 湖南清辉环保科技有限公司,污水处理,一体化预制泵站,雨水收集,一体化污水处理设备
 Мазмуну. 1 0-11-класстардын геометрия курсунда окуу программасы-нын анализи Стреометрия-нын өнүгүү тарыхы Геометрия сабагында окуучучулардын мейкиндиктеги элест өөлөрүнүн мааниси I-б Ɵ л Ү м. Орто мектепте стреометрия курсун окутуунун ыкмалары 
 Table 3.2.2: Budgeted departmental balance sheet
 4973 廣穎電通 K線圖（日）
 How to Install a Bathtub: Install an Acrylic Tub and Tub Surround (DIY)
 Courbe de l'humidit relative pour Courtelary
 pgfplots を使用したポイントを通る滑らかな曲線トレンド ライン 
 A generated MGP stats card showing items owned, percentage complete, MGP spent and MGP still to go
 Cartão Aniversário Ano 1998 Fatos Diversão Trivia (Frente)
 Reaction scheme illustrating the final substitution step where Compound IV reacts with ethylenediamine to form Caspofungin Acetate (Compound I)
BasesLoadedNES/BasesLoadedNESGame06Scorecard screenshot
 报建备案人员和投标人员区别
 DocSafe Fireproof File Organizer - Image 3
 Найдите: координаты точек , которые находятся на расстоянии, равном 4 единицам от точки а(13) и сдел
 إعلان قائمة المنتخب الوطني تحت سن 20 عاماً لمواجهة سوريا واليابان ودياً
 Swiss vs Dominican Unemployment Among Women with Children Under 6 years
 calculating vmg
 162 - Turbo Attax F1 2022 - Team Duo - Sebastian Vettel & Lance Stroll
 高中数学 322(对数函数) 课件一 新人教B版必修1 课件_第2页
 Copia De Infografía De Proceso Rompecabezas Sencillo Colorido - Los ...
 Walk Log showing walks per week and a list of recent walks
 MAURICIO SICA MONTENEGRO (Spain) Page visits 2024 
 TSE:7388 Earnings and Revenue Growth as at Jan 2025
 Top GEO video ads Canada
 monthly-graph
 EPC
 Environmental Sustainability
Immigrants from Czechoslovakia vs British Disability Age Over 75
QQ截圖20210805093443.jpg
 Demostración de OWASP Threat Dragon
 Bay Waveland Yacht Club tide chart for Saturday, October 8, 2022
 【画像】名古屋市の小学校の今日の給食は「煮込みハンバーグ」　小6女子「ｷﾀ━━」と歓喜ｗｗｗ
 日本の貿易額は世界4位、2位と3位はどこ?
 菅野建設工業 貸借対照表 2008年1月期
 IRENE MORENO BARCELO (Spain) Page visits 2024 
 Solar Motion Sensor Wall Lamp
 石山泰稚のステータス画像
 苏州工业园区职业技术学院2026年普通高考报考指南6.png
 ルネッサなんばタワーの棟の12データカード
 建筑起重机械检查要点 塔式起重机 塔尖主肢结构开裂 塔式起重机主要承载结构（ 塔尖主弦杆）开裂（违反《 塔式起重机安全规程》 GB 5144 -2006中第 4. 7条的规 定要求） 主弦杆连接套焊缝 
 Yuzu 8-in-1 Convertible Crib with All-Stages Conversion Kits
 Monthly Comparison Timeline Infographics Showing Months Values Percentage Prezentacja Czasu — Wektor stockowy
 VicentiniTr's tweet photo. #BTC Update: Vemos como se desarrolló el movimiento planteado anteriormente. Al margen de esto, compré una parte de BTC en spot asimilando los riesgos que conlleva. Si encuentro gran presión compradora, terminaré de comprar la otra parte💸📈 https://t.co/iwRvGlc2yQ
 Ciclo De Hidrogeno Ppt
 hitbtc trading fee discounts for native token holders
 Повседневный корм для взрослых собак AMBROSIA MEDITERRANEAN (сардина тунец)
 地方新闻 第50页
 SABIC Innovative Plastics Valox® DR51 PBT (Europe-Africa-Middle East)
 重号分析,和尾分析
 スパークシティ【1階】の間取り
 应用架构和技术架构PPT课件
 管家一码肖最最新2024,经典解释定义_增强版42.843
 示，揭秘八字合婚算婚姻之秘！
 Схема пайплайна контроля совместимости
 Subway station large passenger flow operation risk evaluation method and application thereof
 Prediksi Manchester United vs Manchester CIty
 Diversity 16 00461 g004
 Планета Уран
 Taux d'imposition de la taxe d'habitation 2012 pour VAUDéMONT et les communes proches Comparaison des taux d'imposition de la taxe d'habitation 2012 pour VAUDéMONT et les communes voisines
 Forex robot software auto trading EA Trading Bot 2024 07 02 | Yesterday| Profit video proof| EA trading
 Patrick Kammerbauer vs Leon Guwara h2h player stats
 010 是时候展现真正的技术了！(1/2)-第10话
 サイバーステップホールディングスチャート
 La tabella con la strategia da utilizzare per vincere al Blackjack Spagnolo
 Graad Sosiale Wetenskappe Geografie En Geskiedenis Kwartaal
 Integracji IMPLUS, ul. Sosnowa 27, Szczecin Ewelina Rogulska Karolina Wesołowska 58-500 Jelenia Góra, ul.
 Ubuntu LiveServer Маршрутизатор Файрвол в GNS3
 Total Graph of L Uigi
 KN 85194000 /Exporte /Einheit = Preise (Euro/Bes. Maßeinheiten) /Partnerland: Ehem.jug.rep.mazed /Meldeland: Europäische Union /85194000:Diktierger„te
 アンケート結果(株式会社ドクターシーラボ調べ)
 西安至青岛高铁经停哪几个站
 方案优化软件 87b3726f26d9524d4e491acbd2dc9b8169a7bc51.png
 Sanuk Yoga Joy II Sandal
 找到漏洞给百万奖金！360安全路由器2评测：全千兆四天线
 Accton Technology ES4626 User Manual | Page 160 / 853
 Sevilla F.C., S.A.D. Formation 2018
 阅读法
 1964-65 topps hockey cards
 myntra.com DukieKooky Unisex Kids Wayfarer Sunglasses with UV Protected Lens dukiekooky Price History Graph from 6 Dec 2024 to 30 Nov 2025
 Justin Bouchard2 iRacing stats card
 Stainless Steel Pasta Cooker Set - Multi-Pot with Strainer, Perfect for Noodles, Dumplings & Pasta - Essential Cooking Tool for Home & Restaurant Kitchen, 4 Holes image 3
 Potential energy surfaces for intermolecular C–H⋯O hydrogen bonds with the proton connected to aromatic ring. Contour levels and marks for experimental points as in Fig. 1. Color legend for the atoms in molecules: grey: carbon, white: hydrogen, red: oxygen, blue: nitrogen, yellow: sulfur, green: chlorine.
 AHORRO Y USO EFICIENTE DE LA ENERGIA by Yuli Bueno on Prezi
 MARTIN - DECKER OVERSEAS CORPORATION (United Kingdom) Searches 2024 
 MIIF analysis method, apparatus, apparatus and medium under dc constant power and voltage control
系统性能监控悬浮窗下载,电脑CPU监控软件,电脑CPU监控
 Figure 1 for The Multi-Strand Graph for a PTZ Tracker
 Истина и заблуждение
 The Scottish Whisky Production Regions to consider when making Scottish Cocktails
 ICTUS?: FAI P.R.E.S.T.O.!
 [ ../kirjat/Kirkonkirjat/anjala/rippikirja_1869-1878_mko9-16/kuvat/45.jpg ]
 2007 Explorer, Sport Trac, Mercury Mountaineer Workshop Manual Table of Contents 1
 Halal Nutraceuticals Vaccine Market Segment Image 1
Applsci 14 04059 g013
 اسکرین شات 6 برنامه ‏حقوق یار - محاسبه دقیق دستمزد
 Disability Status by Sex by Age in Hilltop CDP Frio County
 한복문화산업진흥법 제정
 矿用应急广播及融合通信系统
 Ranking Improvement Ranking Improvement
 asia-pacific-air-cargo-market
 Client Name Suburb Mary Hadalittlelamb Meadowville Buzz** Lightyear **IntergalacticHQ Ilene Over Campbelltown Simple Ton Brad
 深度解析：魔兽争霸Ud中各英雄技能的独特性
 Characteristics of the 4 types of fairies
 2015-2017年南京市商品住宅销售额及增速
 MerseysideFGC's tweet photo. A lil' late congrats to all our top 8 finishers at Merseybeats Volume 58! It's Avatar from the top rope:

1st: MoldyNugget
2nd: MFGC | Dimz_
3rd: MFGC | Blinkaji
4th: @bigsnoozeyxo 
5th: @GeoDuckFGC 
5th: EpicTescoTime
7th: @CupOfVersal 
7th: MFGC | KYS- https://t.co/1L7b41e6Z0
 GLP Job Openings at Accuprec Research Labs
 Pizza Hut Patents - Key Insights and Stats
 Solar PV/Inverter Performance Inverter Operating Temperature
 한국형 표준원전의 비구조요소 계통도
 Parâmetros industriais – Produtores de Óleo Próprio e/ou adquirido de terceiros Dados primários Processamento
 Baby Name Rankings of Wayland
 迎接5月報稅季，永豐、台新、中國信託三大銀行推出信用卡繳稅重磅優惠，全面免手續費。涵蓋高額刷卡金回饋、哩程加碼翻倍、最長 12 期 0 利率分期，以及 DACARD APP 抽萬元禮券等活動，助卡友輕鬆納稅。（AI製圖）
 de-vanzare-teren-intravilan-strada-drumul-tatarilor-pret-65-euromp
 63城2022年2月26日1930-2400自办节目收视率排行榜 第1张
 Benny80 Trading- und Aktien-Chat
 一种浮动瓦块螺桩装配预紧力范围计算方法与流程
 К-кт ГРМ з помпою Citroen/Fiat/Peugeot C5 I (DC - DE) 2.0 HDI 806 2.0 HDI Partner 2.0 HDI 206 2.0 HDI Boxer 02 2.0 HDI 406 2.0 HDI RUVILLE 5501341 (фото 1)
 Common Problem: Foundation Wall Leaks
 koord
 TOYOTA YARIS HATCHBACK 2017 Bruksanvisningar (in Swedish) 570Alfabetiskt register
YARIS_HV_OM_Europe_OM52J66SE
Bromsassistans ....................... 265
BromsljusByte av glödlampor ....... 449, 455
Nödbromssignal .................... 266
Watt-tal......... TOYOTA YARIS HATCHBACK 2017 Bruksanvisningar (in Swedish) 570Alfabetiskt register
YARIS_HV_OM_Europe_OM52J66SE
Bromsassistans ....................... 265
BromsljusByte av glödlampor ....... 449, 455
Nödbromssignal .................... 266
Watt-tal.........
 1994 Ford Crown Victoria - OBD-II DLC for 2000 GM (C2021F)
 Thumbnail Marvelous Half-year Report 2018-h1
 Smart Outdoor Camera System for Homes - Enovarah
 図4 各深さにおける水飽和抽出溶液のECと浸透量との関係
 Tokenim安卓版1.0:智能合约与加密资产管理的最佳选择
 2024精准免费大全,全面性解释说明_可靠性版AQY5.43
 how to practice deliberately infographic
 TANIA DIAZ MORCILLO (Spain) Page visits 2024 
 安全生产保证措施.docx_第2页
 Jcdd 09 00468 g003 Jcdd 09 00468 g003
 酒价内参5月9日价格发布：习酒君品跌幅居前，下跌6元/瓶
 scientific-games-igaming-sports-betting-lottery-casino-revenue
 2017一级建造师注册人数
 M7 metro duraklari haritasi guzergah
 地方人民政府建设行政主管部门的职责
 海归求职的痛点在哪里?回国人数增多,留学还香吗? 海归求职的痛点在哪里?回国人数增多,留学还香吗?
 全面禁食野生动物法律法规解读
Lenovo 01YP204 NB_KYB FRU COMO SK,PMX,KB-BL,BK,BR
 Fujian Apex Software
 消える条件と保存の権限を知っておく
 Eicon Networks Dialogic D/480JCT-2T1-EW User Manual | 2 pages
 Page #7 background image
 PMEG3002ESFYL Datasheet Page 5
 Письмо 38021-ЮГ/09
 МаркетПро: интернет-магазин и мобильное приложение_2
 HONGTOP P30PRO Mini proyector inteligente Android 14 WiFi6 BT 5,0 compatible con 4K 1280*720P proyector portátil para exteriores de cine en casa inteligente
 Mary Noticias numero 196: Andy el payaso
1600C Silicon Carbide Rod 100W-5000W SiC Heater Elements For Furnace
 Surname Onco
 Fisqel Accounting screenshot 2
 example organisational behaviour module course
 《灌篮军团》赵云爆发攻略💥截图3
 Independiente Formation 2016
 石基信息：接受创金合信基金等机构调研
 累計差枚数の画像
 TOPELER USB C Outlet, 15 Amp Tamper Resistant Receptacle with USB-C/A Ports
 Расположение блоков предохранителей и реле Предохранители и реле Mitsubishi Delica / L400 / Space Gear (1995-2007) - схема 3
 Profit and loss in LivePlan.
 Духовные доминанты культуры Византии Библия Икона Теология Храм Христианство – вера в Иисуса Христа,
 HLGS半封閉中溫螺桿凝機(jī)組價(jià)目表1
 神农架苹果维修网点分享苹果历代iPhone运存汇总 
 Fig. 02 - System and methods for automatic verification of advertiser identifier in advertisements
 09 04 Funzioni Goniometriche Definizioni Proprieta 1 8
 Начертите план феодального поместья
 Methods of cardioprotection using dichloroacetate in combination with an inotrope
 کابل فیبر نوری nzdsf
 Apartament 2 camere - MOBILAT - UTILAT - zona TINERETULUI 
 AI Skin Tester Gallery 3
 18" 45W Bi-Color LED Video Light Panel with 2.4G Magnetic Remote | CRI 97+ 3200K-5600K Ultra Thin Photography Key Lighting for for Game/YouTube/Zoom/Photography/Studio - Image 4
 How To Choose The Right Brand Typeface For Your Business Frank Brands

TASK DESCRIPTION: The entries above hold the needed span. Transcribe exactly the lines from the one with "إعلان قائمة المنتخب" to the one with "建筑起重机械检查要点 塔式起重机 塔尖主肢结构开裂", both included.

FINISHED EXERCISE:
 إعلان قائمة المنتخب الوطني تحت سن 20 عاماً لمواجهة سوريا واليابان ودياً
 Swiss vs Dominican Unemployment Among Women with Children Under 6 years
 calculating vmg
 162 - Turbo Attax F1 2022 - Team Duo - Sebastian Vettel & Lance Stroll
 高中数学 322(对数函数) 课件一 新人教B版必修1 课件_第2页
 Copia De Infografía De Proceso Rompecabezas Sencillo Colorido - Los ...
 Walk Log showing walks per week and a list of recent walks
 MAURICIO SICA MONTENEGRO (Spain) Page visits 2024 
 TSE:7388 Earnings and Revenue Growth as at Jan 2025
 Top GEO video ads Canada
 monthly-graph
 EPC
 Environmental Sustainability
Immigrants from Czechoslovakia vs British Disability Age Over 75
QQ截圖20210805093443.jpg
 Demostración de OWASP Threat Dragon
 Bay Waveland Yacht Club tide chart for Saturday, October 8, 2022
 【画像】名古屋市の小学校の今日の給食は「煮込みハンバーグ」　小6女子「ｷﾀ━━」と歓喜ｗｗｗ
 日本の貿易額は世界4位、2位と3位はどこ?
 菅野建設工業 貸借対照表 2008年1月期
 IRENE MORENO BARCELO (Spain) Page visits 2024 
 Solar Motion Sensor Wall Lamp
 石山泰稚のステータス画像
 苏州工业园区职业技术学院2026年普通高考报考指南6.png
 ルネッサなんばタワーの棟の12データカード
 建筑起重机械检查要点 塔式起重机 塔尖主肢结构开裂 塔式起重机主要承载结构（ 塔尖主弦杆）开裂（违反《 塔式起重机安全规程》 GB 5144 -2006中第 4. 7条的规 定要求） 主弦杆连接套焊缝 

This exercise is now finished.